The Ukraine conflict has become a complex proxy war involving four of the world’s five original nuclear armed countries: the United States, Russia, France, and the United Kingdom. The extent of support provided by outside powers remains unclear, obscured by virulent nonstop propaganda campaigns promulgated by all sides. The Ukraine war has also become both a cause and an excuse for the ratcheting up of tensions between the U.S. and its NATO allies and Russia.
In addition to the immediate dangers of war, the climate of confrontation has put further progress towards nuclear disarmament on hold. It also has given the military-industrial complexes on both sides a rationale for the resumption of conventional arms racing and nuclear weapons modernization. The people of the Ukraine are the victims, their country a battleground of competing plutocracies.
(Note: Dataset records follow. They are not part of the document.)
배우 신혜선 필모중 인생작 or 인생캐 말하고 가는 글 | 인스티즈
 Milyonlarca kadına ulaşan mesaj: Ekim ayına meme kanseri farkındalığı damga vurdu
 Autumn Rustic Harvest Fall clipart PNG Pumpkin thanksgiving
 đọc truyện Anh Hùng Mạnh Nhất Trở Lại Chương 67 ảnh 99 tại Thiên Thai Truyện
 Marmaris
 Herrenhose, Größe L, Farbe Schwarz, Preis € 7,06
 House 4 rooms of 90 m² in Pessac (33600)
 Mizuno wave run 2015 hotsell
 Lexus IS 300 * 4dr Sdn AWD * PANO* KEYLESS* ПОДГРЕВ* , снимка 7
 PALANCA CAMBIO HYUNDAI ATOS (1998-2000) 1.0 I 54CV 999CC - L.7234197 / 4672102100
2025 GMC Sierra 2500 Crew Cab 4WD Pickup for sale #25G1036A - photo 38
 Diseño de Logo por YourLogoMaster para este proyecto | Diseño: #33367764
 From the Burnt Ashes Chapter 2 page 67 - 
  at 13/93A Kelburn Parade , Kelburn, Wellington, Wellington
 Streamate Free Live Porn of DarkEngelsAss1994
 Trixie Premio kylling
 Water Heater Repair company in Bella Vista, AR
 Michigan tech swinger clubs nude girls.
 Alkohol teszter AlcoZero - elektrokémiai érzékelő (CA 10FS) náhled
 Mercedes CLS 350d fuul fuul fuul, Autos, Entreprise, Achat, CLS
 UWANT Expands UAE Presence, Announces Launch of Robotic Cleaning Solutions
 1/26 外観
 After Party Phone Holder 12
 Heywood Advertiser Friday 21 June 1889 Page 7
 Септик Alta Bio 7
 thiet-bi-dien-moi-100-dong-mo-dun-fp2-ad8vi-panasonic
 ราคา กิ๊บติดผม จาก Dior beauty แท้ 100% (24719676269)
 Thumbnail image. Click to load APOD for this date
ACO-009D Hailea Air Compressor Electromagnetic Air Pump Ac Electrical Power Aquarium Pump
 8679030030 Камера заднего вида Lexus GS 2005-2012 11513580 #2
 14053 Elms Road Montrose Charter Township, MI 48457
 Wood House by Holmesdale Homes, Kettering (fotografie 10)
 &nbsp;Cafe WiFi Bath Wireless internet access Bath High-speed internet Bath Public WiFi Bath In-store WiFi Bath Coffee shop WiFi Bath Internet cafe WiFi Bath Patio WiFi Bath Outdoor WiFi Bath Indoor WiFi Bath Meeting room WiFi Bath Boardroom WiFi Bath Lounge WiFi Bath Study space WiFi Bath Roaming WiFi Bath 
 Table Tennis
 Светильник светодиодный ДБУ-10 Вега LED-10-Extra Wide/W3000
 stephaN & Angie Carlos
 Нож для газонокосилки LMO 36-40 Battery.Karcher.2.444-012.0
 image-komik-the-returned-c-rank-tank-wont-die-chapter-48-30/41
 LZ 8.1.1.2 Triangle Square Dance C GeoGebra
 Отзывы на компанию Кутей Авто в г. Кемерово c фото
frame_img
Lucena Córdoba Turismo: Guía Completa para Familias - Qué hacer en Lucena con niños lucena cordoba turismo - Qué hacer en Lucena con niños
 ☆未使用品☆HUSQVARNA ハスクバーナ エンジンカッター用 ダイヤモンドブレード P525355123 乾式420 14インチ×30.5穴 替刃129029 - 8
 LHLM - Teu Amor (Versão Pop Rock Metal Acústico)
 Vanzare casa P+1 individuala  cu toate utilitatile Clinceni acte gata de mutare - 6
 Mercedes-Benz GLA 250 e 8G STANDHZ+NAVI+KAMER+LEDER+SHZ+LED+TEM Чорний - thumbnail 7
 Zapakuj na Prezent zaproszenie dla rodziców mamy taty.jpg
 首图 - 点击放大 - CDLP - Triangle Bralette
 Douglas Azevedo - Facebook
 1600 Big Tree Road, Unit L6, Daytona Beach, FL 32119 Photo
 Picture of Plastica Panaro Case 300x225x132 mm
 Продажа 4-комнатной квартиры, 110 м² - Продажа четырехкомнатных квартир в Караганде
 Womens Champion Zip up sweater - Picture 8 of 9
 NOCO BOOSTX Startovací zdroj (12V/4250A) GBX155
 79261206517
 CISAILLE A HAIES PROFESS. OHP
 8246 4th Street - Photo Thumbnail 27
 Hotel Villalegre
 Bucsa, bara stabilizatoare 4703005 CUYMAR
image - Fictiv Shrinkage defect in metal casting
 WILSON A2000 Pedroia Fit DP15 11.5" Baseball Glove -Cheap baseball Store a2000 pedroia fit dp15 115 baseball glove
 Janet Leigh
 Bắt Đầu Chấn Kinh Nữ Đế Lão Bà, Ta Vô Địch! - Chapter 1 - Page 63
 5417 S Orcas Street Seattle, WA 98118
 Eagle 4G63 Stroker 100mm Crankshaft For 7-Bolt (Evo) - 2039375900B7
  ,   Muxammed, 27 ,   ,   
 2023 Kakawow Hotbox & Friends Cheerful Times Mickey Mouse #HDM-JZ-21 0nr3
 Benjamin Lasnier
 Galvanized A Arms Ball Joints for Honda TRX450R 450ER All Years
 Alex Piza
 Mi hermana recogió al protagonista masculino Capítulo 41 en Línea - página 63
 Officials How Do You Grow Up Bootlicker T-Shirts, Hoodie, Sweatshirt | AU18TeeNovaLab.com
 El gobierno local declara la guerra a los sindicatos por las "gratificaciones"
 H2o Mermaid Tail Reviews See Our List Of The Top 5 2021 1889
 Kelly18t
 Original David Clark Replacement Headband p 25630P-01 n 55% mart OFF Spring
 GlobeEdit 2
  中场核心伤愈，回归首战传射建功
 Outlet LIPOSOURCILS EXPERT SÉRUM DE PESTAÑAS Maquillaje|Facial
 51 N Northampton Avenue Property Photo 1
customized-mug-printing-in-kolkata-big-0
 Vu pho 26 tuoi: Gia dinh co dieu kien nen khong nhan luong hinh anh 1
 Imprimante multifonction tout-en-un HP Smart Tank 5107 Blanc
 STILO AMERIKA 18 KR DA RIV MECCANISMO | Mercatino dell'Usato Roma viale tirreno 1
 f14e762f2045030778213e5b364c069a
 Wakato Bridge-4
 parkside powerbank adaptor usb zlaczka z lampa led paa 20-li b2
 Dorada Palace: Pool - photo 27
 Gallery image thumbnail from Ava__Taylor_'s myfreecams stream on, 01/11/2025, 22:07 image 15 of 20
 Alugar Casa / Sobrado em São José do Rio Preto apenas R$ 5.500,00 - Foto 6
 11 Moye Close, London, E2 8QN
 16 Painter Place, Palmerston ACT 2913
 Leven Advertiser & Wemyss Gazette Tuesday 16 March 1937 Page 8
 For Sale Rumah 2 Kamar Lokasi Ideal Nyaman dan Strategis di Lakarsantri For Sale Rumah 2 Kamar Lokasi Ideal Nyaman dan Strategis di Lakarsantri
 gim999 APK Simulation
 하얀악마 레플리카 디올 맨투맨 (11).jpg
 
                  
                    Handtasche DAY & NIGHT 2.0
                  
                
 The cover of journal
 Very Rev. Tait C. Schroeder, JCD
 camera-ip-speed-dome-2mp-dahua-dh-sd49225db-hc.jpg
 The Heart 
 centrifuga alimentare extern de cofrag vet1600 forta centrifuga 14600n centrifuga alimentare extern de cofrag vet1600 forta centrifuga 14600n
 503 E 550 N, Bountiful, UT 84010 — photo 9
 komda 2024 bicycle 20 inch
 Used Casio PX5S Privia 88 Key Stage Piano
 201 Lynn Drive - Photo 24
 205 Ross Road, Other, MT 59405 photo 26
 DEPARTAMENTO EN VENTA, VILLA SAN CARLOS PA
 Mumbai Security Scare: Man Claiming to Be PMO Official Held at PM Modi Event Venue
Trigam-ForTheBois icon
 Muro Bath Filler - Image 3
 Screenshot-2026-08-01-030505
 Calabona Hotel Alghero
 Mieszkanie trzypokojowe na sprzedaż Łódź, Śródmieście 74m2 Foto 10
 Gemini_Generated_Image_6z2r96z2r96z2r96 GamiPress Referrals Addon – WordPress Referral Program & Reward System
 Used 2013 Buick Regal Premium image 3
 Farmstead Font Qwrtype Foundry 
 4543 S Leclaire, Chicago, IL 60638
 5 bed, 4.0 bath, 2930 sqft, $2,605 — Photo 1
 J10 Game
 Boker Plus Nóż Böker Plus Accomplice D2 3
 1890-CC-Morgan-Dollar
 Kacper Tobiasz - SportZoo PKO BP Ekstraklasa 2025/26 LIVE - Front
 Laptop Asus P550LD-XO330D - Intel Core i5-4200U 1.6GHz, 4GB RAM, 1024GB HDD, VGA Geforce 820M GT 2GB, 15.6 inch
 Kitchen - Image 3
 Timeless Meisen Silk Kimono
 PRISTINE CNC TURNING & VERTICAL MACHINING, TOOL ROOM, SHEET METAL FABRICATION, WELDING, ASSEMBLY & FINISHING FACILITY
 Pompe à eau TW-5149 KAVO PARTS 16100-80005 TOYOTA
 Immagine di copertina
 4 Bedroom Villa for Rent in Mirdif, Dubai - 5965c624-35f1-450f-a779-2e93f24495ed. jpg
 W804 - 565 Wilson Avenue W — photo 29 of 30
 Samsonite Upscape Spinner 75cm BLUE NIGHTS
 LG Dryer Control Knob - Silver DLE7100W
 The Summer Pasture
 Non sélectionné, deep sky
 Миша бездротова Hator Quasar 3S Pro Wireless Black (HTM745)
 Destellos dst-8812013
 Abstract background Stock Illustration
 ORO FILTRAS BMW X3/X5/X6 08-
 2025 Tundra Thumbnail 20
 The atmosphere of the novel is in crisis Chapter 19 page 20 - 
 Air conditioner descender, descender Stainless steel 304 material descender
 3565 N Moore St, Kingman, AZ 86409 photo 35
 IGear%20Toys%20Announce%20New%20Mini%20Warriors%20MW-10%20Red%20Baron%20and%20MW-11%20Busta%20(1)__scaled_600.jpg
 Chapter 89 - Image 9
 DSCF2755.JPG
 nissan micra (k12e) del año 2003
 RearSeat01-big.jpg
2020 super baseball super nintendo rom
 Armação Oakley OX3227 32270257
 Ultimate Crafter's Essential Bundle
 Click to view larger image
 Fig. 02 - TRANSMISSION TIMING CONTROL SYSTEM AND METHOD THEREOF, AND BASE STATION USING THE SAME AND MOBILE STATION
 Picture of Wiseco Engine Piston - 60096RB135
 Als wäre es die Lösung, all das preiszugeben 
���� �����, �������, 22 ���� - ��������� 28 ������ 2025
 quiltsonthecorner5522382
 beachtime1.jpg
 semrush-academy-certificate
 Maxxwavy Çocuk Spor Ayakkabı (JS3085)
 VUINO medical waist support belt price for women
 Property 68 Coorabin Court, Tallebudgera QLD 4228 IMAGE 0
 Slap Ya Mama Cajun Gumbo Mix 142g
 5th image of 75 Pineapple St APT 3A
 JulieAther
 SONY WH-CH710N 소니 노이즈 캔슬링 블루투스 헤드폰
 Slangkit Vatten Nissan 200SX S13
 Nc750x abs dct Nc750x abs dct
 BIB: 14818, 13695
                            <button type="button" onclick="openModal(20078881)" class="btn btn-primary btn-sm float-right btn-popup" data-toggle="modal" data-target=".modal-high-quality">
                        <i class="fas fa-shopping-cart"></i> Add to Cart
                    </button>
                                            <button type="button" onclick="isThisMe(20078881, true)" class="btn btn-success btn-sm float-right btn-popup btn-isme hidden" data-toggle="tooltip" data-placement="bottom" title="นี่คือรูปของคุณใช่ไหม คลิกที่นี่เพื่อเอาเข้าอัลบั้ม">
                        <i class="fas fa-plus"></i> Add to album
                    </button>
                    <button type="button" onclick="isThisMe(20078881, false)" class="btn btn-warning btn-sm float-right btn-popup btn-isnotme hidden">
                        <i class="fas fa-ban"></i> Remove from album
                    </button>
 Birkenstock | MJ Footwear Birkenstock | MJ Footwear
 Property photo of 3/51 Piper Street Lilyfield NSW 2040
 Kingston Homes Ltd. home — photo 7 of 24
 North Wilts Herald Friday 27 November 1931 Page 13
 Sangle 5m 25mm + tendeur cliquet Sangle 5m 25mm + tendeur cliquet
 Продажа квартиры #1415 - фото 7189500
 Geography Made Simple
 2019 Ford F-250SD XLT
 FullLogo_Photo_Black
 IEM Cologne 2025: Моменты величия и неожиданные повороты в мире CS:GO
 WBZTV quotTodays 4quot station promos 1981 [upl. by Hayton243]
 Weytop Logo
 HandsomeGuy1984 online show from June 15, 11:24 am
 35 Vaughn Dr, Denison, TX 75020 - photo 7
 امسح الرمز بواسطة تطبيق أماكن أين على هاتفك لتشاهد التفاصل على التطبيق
The Bulletin of the Atomic Scientists has moved the hands of its Doomsday Clock up to 3 minutes to midnight, citing the existential threats posed by nuclear weapons and climate change.It’s time to step back from the brink. We call on all of the governments involved to take steps to reduce tensions, to lessen the danger of an expanded war, and to provide space and build confidence for negotiations to resolve the Ukraine conflict and the growing confrontation between Russia and the U.S. and its NATO allies. These steps should include:
- No military assistance to Ukraine, whether arms, trainers, advisors, or “nonlethal” aid;
- Unconditional humanitarian assistance directed to ordinary people in all of Ukraine’s regions, sustaining social benefits and public services and aiding in reconstruction of housing and public infrastructure;
- Diplomatic initiatives to encourage Ukrainians engaged in the conflict to enter into good faith negotiations in an effort to reach a political resolution;
- No additional deployments of U.S. forces, equipment, or supplies to Europe;
- Reversal of NATO decisions to expand rapid reaction forces and supporting infrastructure in Eastern Europe, and particularly in states on Russia’s borders;
- Termination of U.S. programs to deploy U.S. ballistic missile defenses in Europe;
- A moratorium on military exercises by all parties in and around Ukraine and European states bordering Russia;
- A moratorium on exercises and tests of nuclear-armed forces world-wide;
- Immediate removal of U.S. nuclear weapons from Europe; and
In this 70th year since the U.S. atomic bombings of Hiroshima and Nagasaki and 45 years after the U.S., Russia, and the U.K. committed in the Nuclear Nonproliferation Treaty to negotiate in good faith for an end of the nuclear arms race and the elimination of nuclear arsenals, immediate commencement of negotiations encompassing all nuclear-armed states for the elimination of nuclear weapons.